Take Truebot seriously.
By Tim Nodar, CyberWire senior staff writer.
Jul 7, 2023

The information-stealer is dangerous, and not to be taken lightly.

Take Truebot seriously.

The US Cybersecurity and Infrastructure Security Agency (CISA) and its partners (the Federal Bureau of Investigation, the Multi-State Information Sharing and Analysis Center (MS-ISAC), and the Canadian Centre for Cyber Security) have issued a joint Cybersecuritiy Advisory outlining a spike in new variants of the Truebot malware. In addition to using phishing campaigns, threat actors are now using a vulnerability in the IT auditing software Netwrix Auditor to deliver the malware:

“Previous Truebot malware variants were primarily delivered by cyber threat actors via malicious phishing email attachments; however, newer versions allow cyber threat actors to also gain initial access through exploiting CVE-2022-31199—(a remote code execution vulnerability in the Netwrix Auditor application), enabling deployment of the malware at scale within the compromised environment. Based on confirmation from open-source reporting and analytical findings of Truebot variants, the authoring organizations assess cyber threat actors are leveraging both phishing campaigns with malicious redirect hyperlinks and CVE-2022-31199 to deliver new Truebot malware variants.”

Truebot is used for information theft.

The Joint Advisory makes it clear that Trickbot is an information-stealing kit used by the ransomware gang Cl0p and other threat organizations to gain access to and exfiltrate victims’ sensitive data. The advisory offers extensive advice for risk mitigation, including detailed indicators and preventive measures organizations can apply. CISA also urges organizations to “exercise, test, and validate” their security program against the threat behavior displayed in conjunction with Truebot’s deployment.

Industry experts agree that the risk needs to be addressed promptly.

Jeff Williams, co-founder and CTO at Contrast Security, draws several lessons, the first of which is that security can’t be confined to the perimeter. 

“To me, this isn’t a story about malware. This is a story about exploiting an interesting vulnerability that you can’t stop at the perimeter.

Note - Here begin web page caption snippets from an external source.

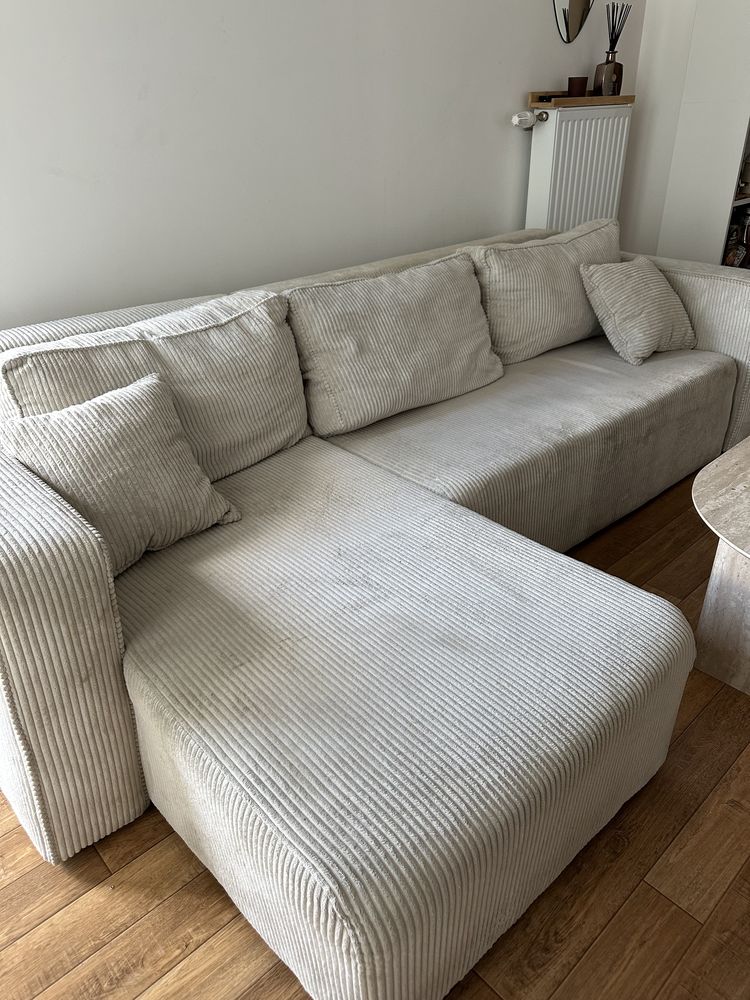 Canap� d'angle en velours c�tel� 400 La Plaine St Denis (93)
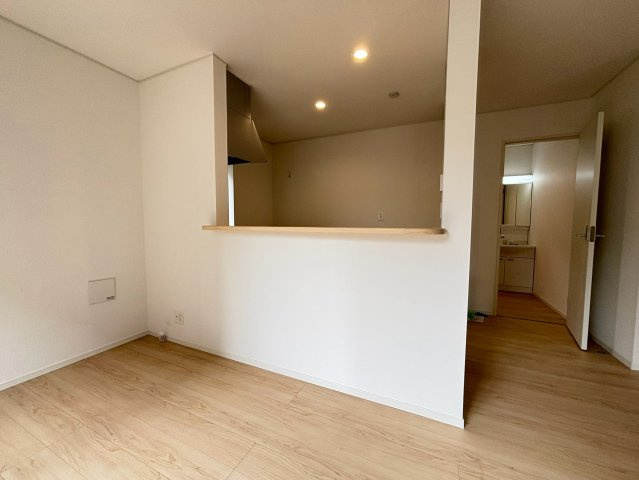 八王子市泉町　17号棟のキッチン|リビングにいるご家族と楽しく会話をしながらお料理ができる、対面式のカウンターキッチンです。お子様がお絵かきや宿題をしている様子を優しく見守ることができるため、毎日の家事も安心でおすすめです。
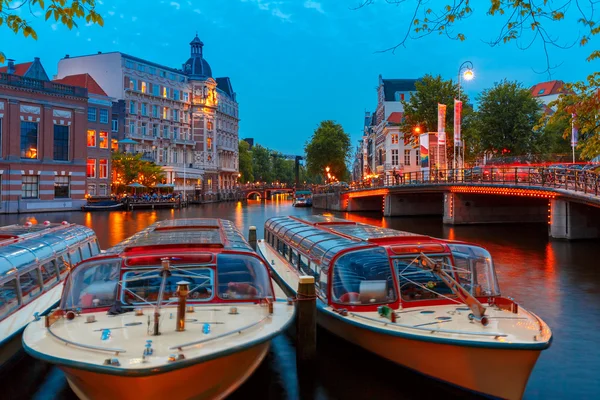 Vista notturna sul canale di Amsterdam — Foto Stock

 "Once attackers can run arbitrary code on your servers, the game is over. So the fact that these attackers ran Truebot after they successfully broke in is irrelevant. They could have done anything they wanted.

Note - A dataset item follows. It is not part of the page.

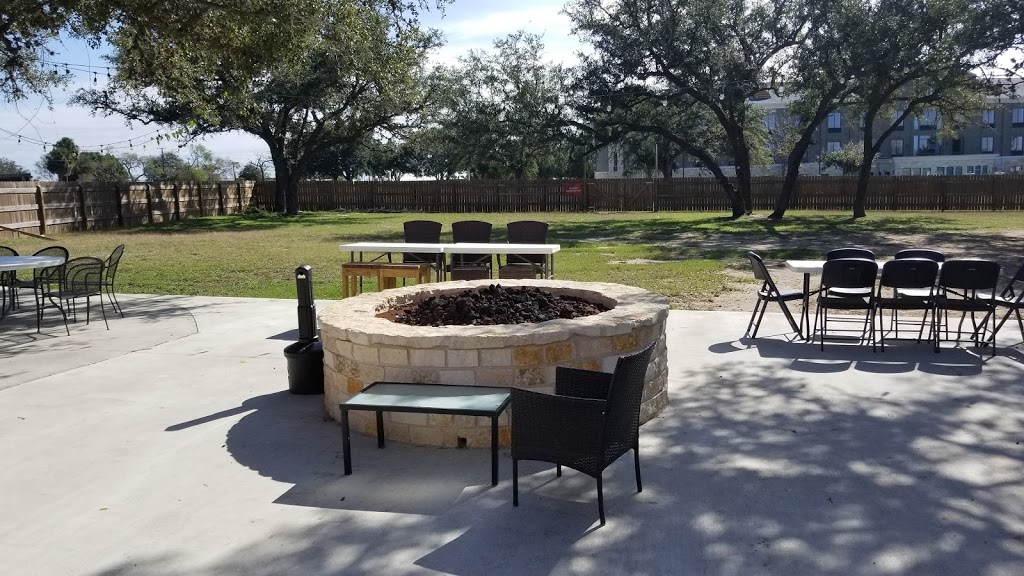 Sammys Burgers & Brew | restaurant | 2144 Ellis Rd, Beeville, TX 78102, USA | 3613581067 OR +1 361-358-1067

"The interesting question to me is how did they originally get in?  Understanding the original breach is our only hope of keeping them out. In this case, the attackers exploited an “unsafe deserialization” vulnerability in a .NET web application. The attack works like this. Attackers sent the Netwrix Auditor product a specially crafted HTTP request with a data payload that, during the process of “deserializing” the data back into objects, caused arbitrary object constructors to be invoked. The attackers were able to include the right data to make those constructors start a native operating system process. At this point, they’ve won.

"The reason it’s interesting is that you can’t really defend against unsafe deserialization with perimeter defenses like a web application firewall (WAF). How could a WAF know whether a serialized object, just a bunch of bytes on the wire, is either legitimate or an attack?  More and more, attacks are buried inside complex data and are completely inscrutable by perimeter defenses. Organizations need to add runtime security to their platforms to detect these kinds of attacks. Runtime security hardens the app/API stack and ensures (among other things) that the data being deserialized doesn’t cause arbitrary code execution.” 

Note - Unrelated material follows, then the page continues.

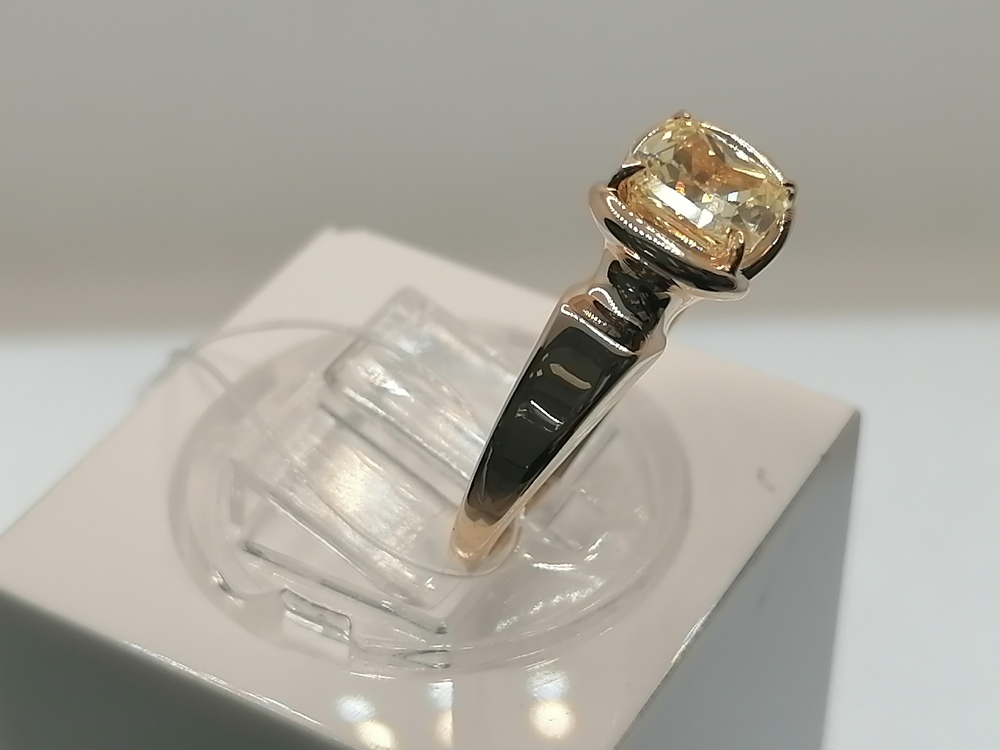 КОЛЬЦО С КАМНЕМ (Au 585)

 Erich Kron, security awareness advocate at KnowBe4, points out, as the advisory makes clear, that the attackers typically gain initial access through social engineering:

“For those using the Netwrix Auditor software, this is likely to be a pretty significant issue. Patching systems should be a top priority, as should looking for Indicators of Compromise (IOCs). Because agents such as these are likely to be deployed throughout an organization, it gives bad actors a great way to exploit the vulnerability, drop their own malware, then lay low for a while. Even if the agent is updated, once the damage is done, it could be very challenging to detect the ongoing intrusion.  

"While the vulnerability can be exploited from within the system, since most initial network intrusions start with a social engineering attack, such as phishing, organizations should ensure employees are educated and trained to spot and report phishing attempts quickly.”